Lines from the line with "Kit d'autocollants hebdomadaire" to the line with "3D Wireframe Vector" in the entries below, and only those, must be output exactly, with both ends included.

Data provided ::
=== Section Start ===
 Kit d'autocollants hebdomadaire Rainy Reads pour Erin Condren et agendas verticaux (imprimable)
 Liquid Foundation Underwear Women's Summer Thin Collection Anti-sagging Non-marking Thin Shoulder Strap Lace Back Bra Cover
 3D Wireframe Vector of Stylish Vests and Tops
=== Section End ===
=== Section Start ===
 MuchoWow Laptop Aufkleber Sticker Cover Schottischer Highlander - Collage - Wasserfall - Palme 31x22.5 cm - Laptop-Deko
=== Section End ===
Answer to the problem ::
 Kit d'autocollants hebdomadaire Rainy Reads pour Erin Condren et agendas verticaux (imprimable)
 Liquid Foundation Underwear Women's Summer Thin Collection Anti-sagging Non-marking Thin Shoulder Strap Lace Back Bra Cover
 3D Wireframe Vector of Stylish Vests and Tops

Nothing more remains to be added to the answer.